Posté par atempodiblog le 21 janvier 2014

SUORA-MAMMA/ Il peccato, da occasione di misericordia a scusa” per non amare più
di Don Federico Pichetto – Il Sussidiario

 SUORA-MAMMA/ Il peccato, da occasione di misericordia a “scusa” per non amare più dans Articoli di Giornali e News 2uhr0ur

Caro direttore,
mi permetto di ritornare un attimo sulla vicenda della suora del Salvador che la scorsa settimana a Rieti, tra il clamore dei media e la rozza ironia della Rete, ha partorito un bambino nell’ospedale cittadino. Lo faccio per un particolare – riportato dal Corriere della Sera – tutt’altro che secondario: le suore dell’Istituto cui questa donna appartiene si sarebbero infatti rifiutate di andarle a far visita perché – cito – con quello che ha fatto non pare il caso”. Io non so quanto di vero ci sia in questa ricostruzione giornalistica, ma una risposta del genere mette in luce, una volta per tutte, quale sia la malattia profonda del nostro mondo occidentale: il fatto che tutti, ad un certo punto, ci sentiamo autorizzati e giustificati a smettere di amare.

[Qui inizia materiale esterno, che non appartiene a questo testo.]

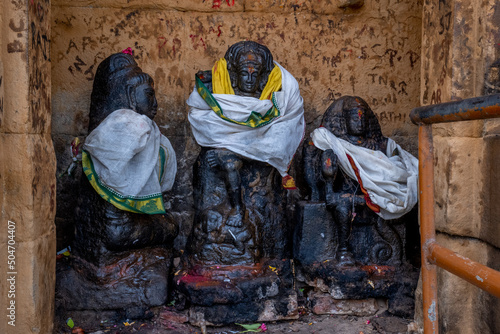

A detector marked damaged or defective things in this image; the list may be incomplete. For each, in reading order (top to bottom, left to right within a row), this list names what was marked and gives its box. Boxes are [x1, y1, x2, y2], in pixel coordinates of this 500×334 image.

rusty metal pipe [412, 93, 500, 124]
rusty metal pipe [418, 125, 438, 334]
rusty metal pipe [426, 241, 500, 298]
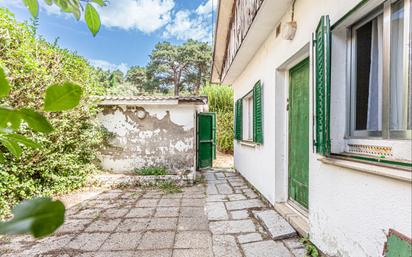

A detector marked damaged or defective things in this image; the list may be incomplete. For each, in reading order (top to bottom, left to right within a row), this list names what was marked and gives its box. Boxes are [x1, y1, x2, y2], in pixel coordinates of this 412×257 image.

peeling paint wall [97, 103, 203, 173]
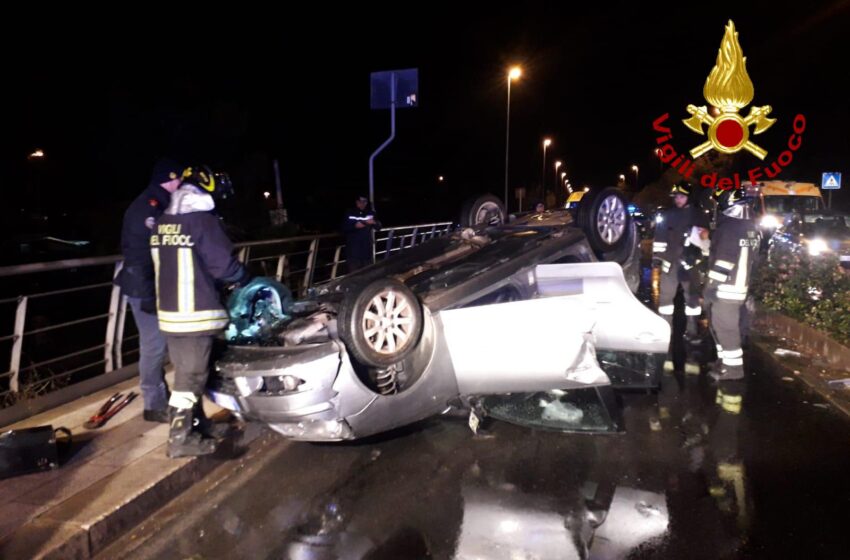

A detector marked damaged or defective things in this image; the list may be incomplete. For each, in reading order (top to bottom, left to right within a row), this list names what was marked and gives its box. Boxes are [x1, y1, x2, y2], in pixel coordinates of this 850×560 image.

overturned silver car [207, 190, 668, 440]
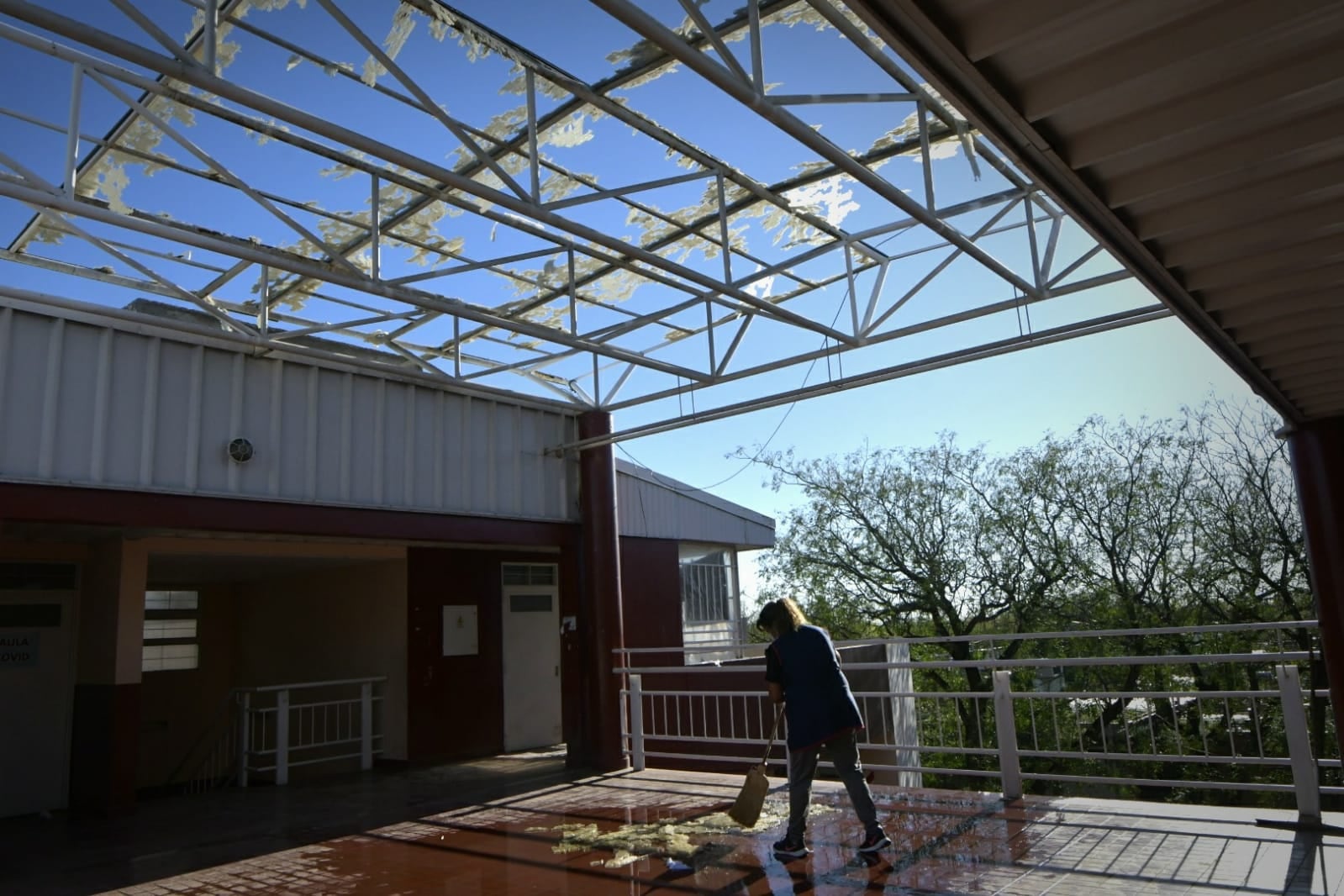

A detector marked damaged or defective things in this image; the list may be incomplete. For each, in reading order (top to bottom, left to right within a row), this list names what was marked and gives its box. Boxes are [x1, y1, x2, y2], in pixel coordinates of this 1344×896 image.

damaged metal roof frame [0, 0, 1163, 444]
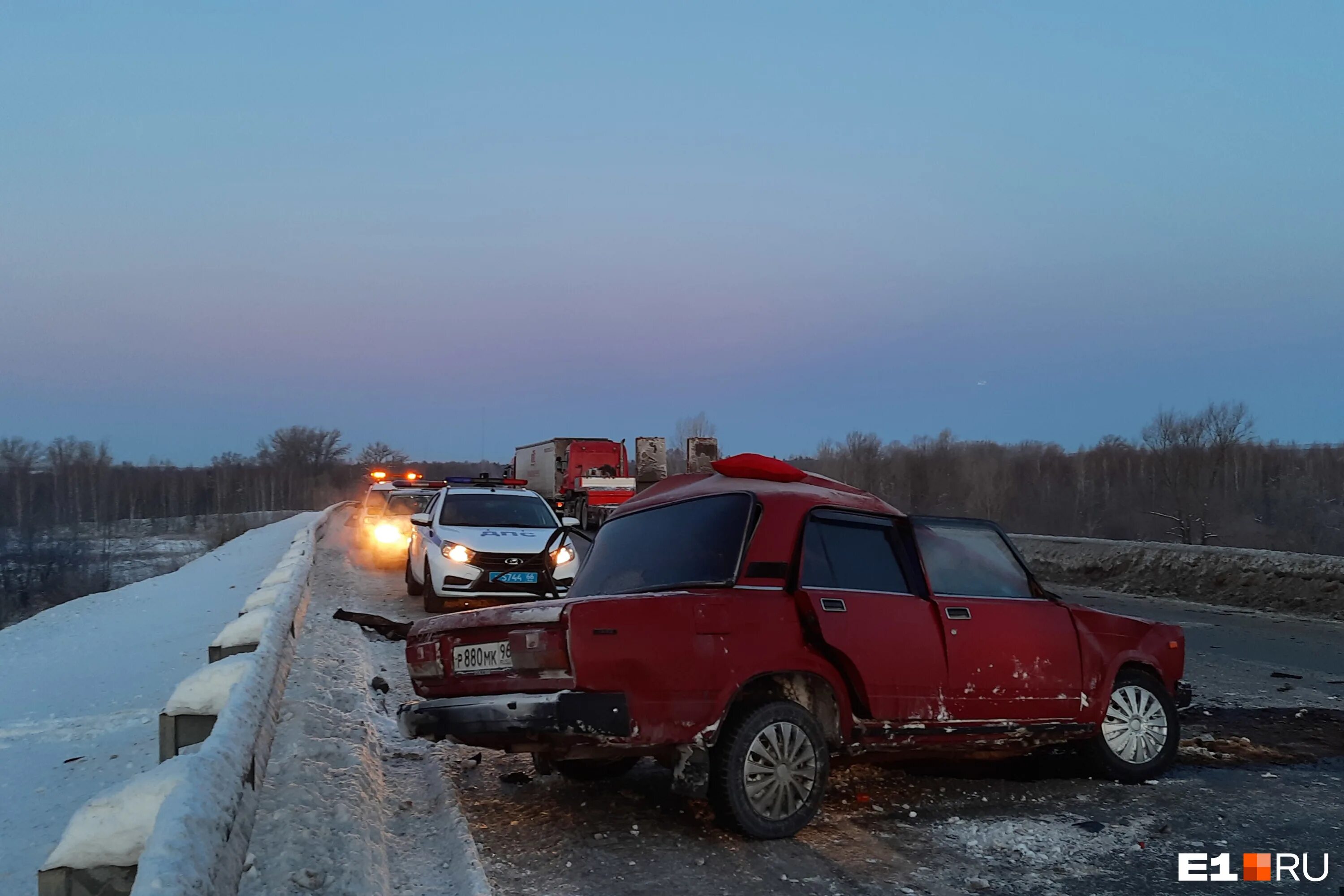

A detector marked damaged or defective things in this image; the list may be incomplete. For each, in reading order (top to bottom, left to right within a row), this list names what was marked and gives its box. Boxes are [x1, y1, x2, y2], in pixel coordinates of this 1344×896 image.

damaged red sedan [395, 457, 1188, 844]
dented car body [395, 457, 1188, 844]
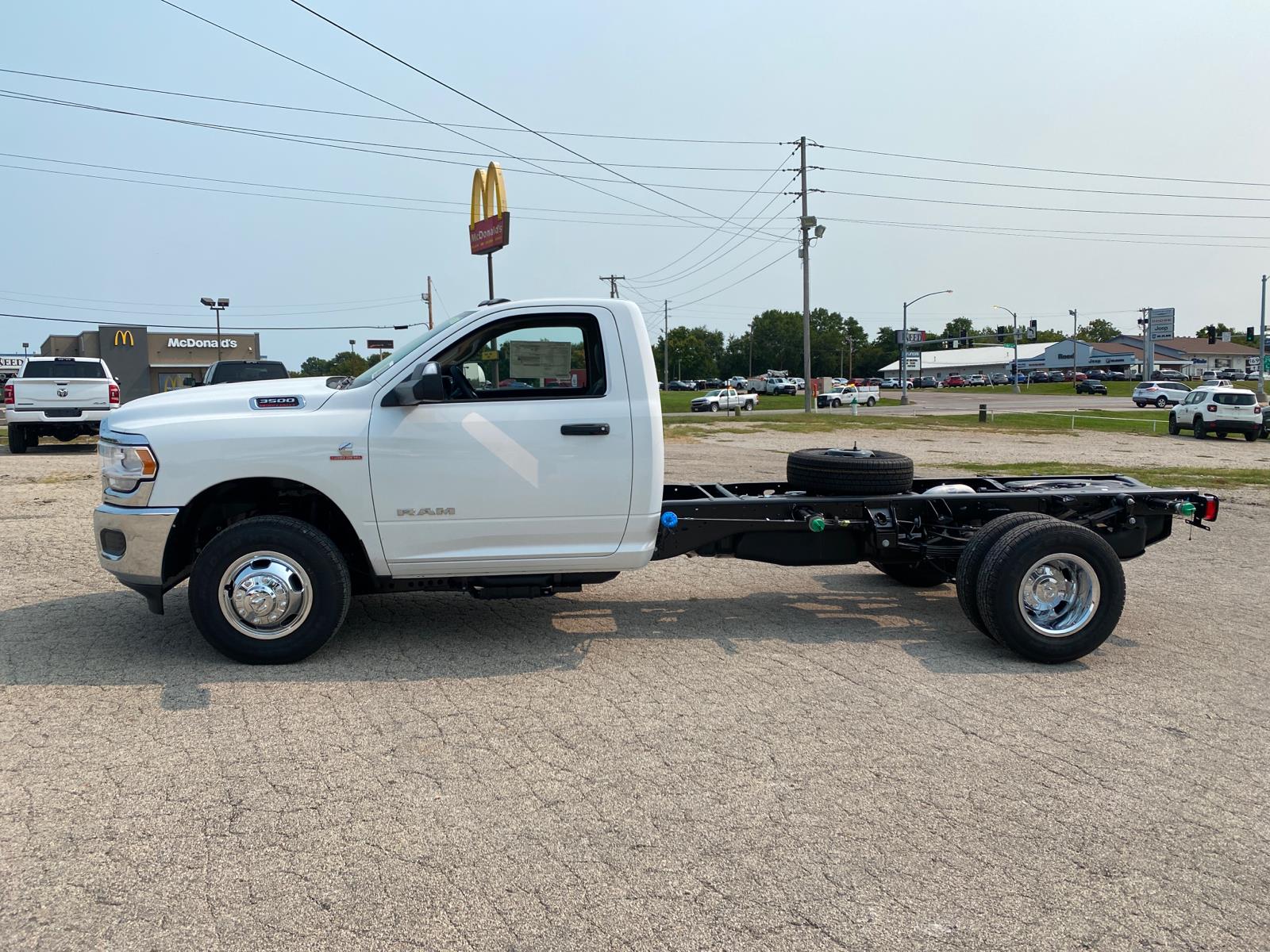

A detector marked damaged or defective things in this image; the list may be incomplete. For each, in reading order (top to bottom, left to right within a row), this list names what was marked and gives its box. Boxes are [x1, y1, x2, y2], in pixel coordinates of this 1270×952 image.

cracked asphalt pavement [2, 434, 1270, 952]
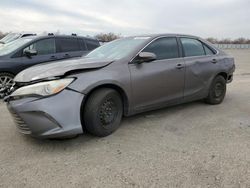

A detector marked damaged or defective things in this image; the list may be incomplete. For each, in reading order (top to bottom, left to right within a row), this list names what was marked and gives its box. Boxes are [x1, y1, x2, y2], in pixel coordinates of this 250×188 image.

cracked headlight [10, 78, 74, 97]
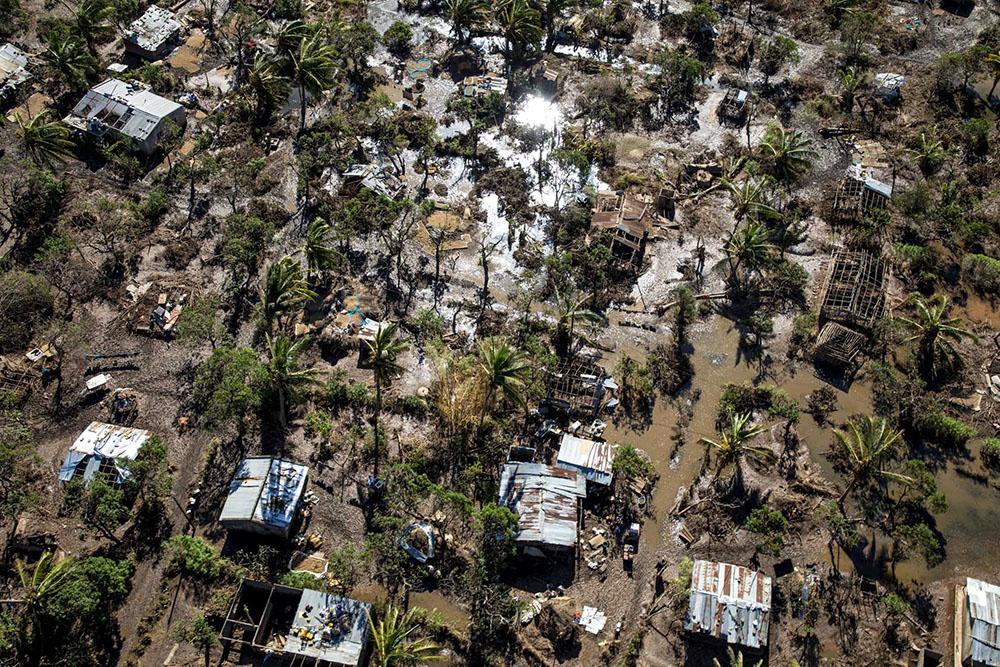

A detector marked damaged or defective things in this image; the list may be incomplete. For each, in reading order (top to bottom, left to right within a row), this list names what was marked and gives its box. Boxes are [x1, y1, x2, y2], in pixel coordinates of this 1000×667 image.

damaged house [0, 43, 30, 102]
damaged house [123, 5, 182, 60]
damaged house [64, 79, 186, 155]
damaged house [812, 250, 892, 368]
damaged house [57, 422, 152, 486]
damaged house [221, 456, 310, 540]
rusty metal roof [498, 462, 584, 552]
damaged house [498, 464, 584, 560]
rusty metal roof [560, 434, 612, 486]
damaged house [221, 580, 374, 667]
rusty metal roof [688, 560, 772, 648]
damaged house [684, 560, 776, 656]
rusty metal roof [964, 576, 1000, 664]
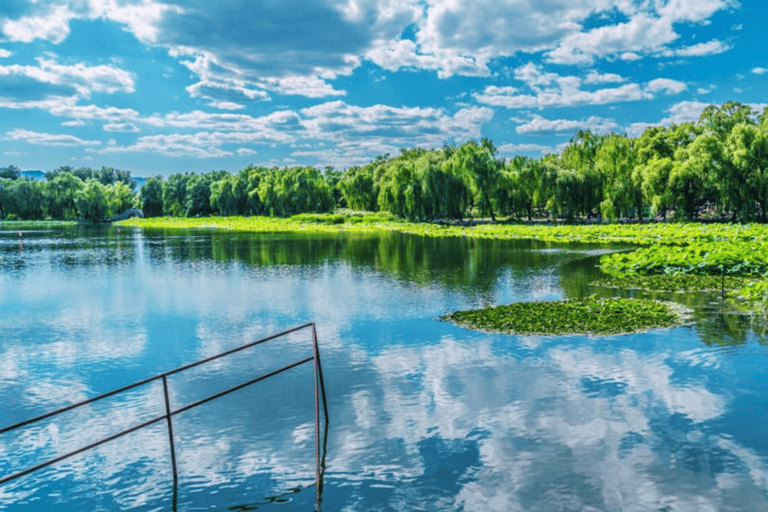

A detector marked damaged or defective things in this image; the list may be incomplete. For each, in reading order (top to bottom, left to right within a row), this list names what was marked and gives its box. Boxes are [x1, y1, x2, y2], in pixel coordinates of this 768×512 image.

rusty metal railing [0, 322, 328, 510]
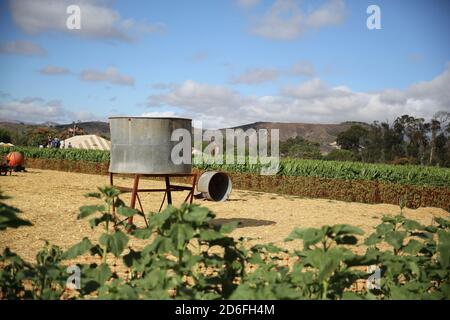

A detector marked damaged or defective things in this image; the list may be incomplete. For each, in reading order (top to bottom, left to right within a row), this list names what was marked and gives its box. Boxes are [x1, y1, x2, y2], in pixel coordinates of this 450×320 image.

rusty metal stand [109, 171, 197, 226]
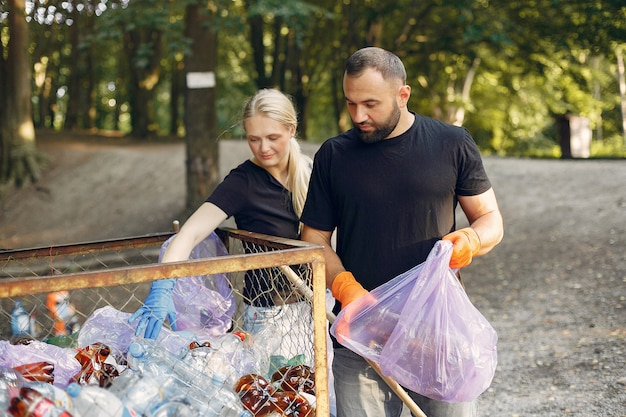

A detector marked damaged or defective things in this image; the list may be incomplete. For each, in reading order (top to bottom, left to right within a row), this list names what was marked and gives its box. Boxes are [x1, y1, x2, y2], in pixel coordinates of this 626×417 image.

rusty metal frame [0, 229, 332, 414]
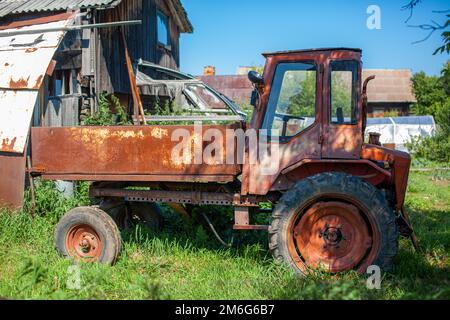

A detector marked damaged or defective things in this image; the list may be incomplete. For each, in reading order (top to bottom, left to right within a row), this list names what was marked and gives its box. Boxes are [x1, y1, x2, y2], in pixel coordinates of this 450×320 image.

rusty old tractor [29, 48, 414, 276]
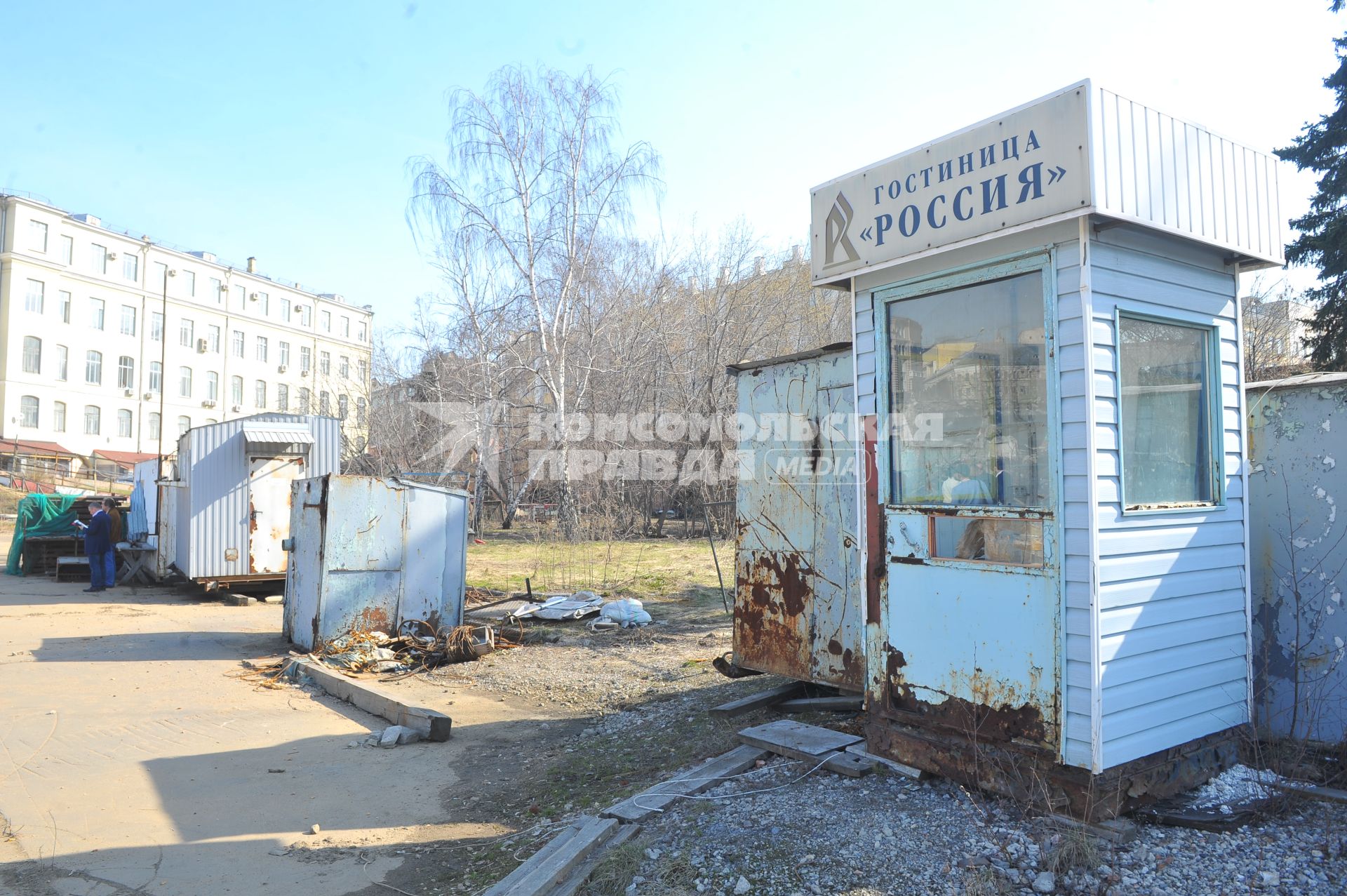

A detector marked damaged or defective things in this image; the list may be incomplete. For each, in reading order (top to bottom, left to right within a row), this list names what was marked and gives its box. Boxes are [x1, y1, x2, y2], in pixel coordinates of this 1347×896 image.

rusty metal gate [724, 345, 864, 696]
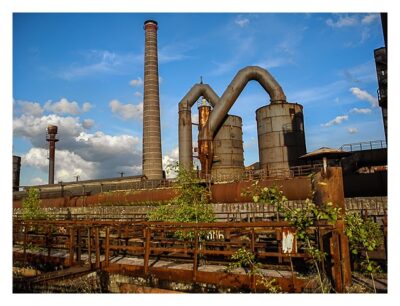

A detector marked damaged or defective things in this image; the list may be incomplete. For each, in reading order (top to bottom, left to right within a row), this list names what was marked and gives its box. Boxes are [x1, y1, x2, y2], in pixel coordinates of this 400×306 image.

rusty steel structure [143, 19, 163, 179]
rusted silo [143, 19, 163, 180]
rusted silo [209, 116, 244, 179]
rusty steel structure [178, 65, 306, 178]
rusted silo [256, 102, 306, 171]
rusty steel structure [10, 219, 352, 292]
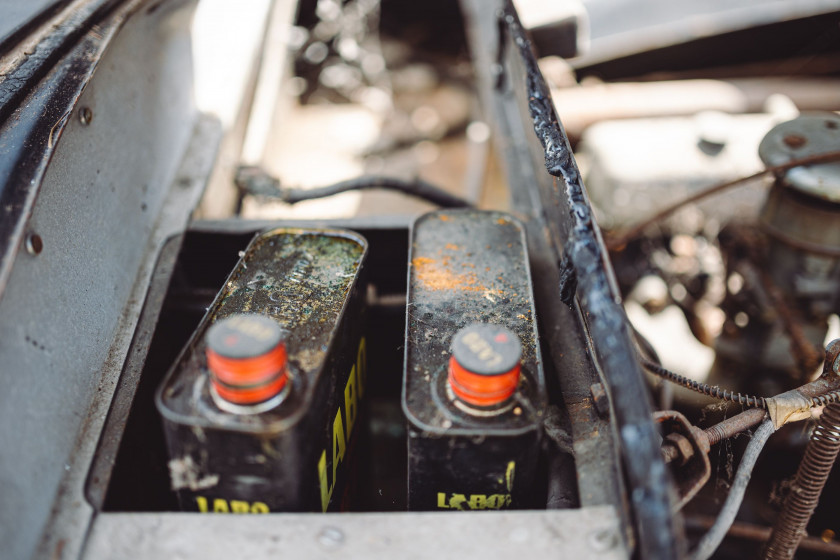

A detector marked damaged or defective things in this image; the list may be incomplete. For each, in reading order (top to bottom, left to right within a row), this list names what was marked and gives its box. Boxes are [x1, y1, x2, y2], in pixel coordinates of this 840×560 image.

corroded car battery [158, 226, 368, 512]
corroded car battery [404, 208, 548, 510]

Infatti, a parte l’ossimoro di suore che non si curano di una loro professa perché peccatrice”, ci sono un sacco di esempi che costellano la nostra quotidianità e che ci dicono che il peccato – l’unico vero peccato – sia proprio questo smettere di amare.

C’è sempre una situazione o un’azione che ci porta a interrompere il bene: per noi stessi, per gli altri, per Dio. Il protestantesimo è nato proprio su questa resa” rispetto alla natura umana: Lutero si guardò dentro e vide che c’era una parte di sé così mostruosa e vecchia” che mai egli avrebbe potuto amare. Ognuno di noi, a volte, smette di amare l’ampiezza e la profondità del proprio cuore, rifugiandosi in qualunque surrogato di bene la vita offra. Nello stesso modo si smette di amare il marito, la moglie, i genitori o i figli, rottamando matrimoni o amicizie come fossero cioccolatini. Eppure tutti noi sbagliamo, tutti pecchiamo. Noi occidentali, però, abbiamo trasformato il peccato da occasione di misericordia a ragione valida per non amare più. Quante volte gli altri ci amano finché non pecchiamo. Quante volte noi amiamo gli altri finché sono perfetti”.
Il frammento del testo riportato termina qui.